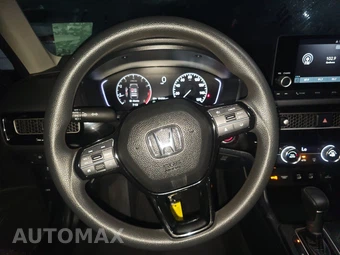 2025 Honda Civic Sedan LX - miniatura 10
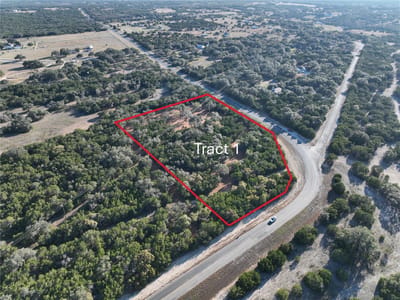 Kitchen at 301 CR-282 LOT 1 Rd - Weldon Ranch, Liberty Hill, TX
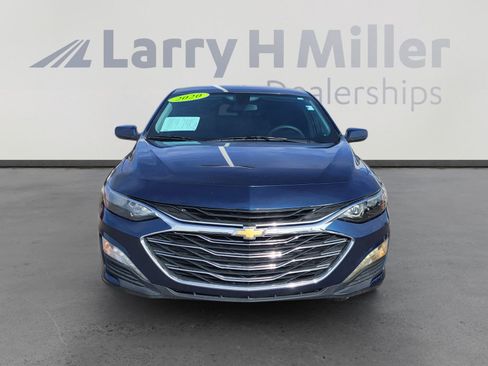 Used 2020 Chevrolet Malibu LT image 8
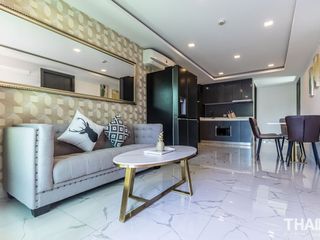 Condo en alquiler de 2 habitaciones en Bang Lamung, Chonburi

■ THE TASK ■
Reproduce the data above in full, exactly, with the images removed.

■ ANSWER SPACE ■
 2025 Honda Civic Sedan LX - miniatura 10
 Kitchen at 301 CR-282 LOT 1 Rd - Weldon Ranch, Liberty Hill, TX
 Used 2020 Chevrolet Malibu LT image 8
 Condo en alquiler de 2 habitaciones en Bang Lamung, Chonburi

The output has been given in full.